A suo avviso gli usi del cristianesimo e della Bibbia sono temporali e terreni. Non avrà Cristo, il Redentore dell'anima, ma cerca di evocare le parole di Cristo e di appropriarsi del potere del suo nome. L'audacia di questi predoni è pari solo alla loro ignoranza dei bisogni e dei fini della vita umana.

Potremmo qui riferirci all'ingiustizia praticata dall'una o dall'altra banda del nostro moderno Israele che non si fa scrupolo di prendere da oscure e deboli famiglie di fede i sacramenti e il ministero cristiano, i segni ei diritti della fratellanza. Possiamo ben credere che coloro che fanno questo non hanno mai guardato la loro azione dall'altra parte, e possono non avere la minima idea del dolore che lasciano nel cuore dei credenti umili e sinceri.

Alla fine, i Daniti con le immagini di Michea andarono per la loro strada e lui e i suoi vicini dovettero subire la perdita e sfruttare al meglio la loro cappella vuota, dove da allora nessun oracolo parlò loro. Non è una parabola, ma un esempio molto reale della perdita che arriva a tutti coloro che hanno creduto nelle forme e nei simboli, i segni esteriori invece del potere vivente della religione. Mentre respingiamo l'arroganza che toglie alla fede i suoi sostegni simbolici e le sue soste, non dobbiamo permetterci di negare che la stessa rudezza di un nemico possa essere un'ottima disciplina per il cristiano.

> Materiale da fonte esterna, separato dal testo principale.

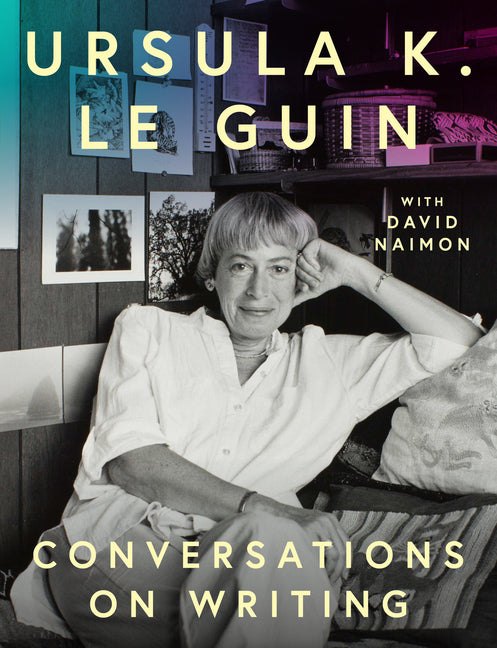 Ursula K. Le Guin: Conversations on Writing by Le Guin, Ursula K.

L'agnosticismo, la scienza e altre società danite trascinano con sé molto di ciò che è caro alla mente religiosa e possono lasciarla molto angosciata e ansiosa: la cappella vuota, l'oracolo come può sembrare perduto per sempre. Con il simbolo l'autorità, la speranza, il potere sembrano irrimediabilmente perduti. Su cosa ha ora su cui poggiare la fede? Ma lo spirito moderno, con la sua risoluzione di spazzare via ogni infatto e mera forma, non è un distruttore.

Piuttosto spinge il cristiano a una scienza, una virtù ben al di là della propria. Forza possiamo dire alla fede quella severa veridicità e coraggio intellettuale che sono le qualità proprie del cristianesimo, la necessaria controparte della sua fiducia, amore e grazia. In breve, quando i nemici hanno portato via i poveri terafim e feticci che sono la loro giusta cattura, non hanno fatto altro che costringere la religione ad essere se stessa, a trovare il suo Dio spirituale, il suo credo eterno ea comprendere la sua Bibbia.

Questo, sebbene fatto con intenti malvagi, non è sicuramente crudeltà, né oltraggio. Un uomo o una chiesa che è stata così risvegliata e ributtata nella realtà siederà piangendo nella cappella vuota per le immagini d'argento e le liberazioni dell'efod cavo? Tutto rimane, l'anima e il mondo spirituale, la legge di Dio, la redenzione di Cristo, lo Spirito di vita eterna.